When does the inequality $|x+y| \le |x|+|y|$ not hold? I was trying to find the least value of $|\sin x|+ |\cos x|$ and applied the above inequality as :
$|\sin x + \cos x| \le |\sin x| + |\cos x|\\
\Longrightarrow  \sqrt{2} \le |\sin x| + |\cos x|$
But the range of the given function is $[1,\sqrt2]$. Any idea what might have went wrong here?
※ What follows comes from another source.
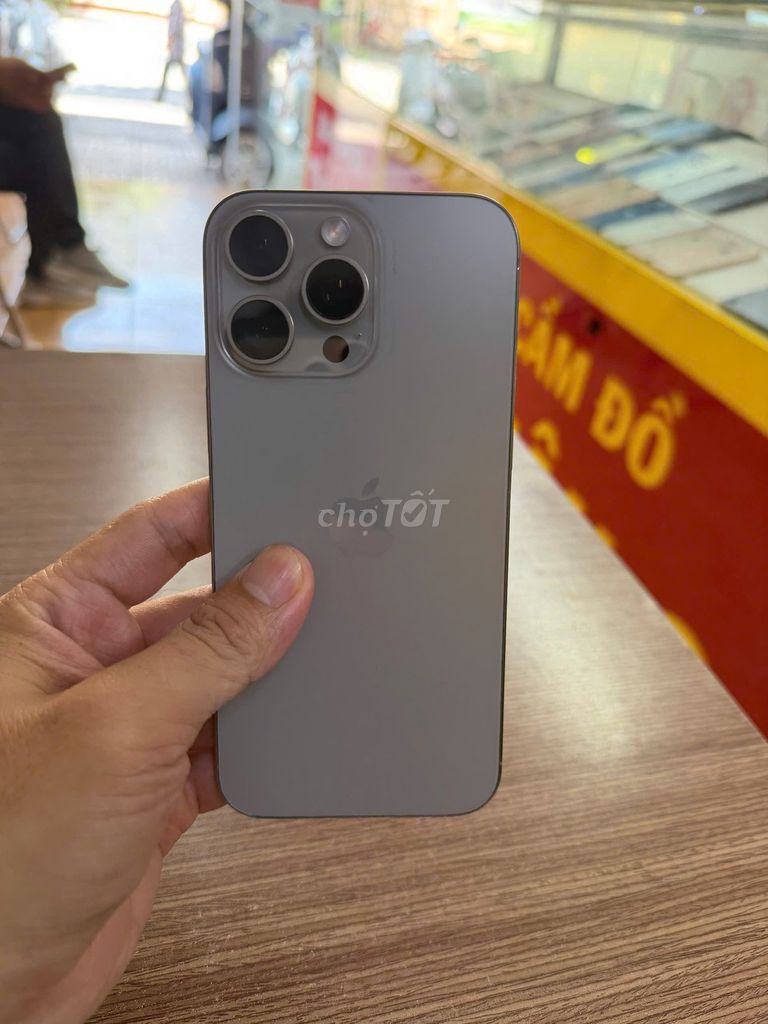 Apple iPhone 16 Pro Max 256GB Xám 90%. Mua bán Điện thoại tại Quận 7 Tp Hồ Chí Minh được đăng bởi Quang Vũ hình 1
 A: It doesn't hold iff $x$ and $y$ have the same sign. As for your problem remember that if $a\leq 1$ then $a^2\leq a$ so $$ |\sin x|+|\cos x|\geq |\sin x|^2+|\cos x|^2=1$$
and for upper bound (remember $(a+b)^2\leq 2(a^2+b^2)$): $$|\sin x|+|\cos x| \leq \sqrt{2(|\sin x|^2+|\cos x|^2)}= \sqrt{2}$$
A: $|\sin x + \cos x| \le |\sin x| + |\cos x|$ is correct.
But, for example, if $x=0$ then both sides are $1$; thus we cannot conclude
$\sqrt{2} \le |\sin x| + |\cos x|$.
A: Let $\begin{cases}f(x)=\sin(x)+\cos(x)\\g(x)=|\sin(x)|+|\cos(x)|\end{cases}$
Notice that $g(x+\frac{\pi}2)=|\cos(x)|+|\sin(x)|=g(x)$ so
$g$ is periodic of period $\frac{\pi}{2}$ and we can study it on $[0,\frac{\pi}2]$.
But on this interval both $\sin$ and $\cos$ are positive, so we can get rid of absolute values and $g(x)=f(x)$ on $[0,\frac{\pi}2]$.
You now can use the addition formulas to transform $f$ to $f(x)=\sqrt{2}\sin(x+\frac{\pi}4)$ and see that $|f(x)|$ has values between $0$ and $\sqrt{2}$ while $g(x)$ has values between $1$ and $\sqrt{2}$.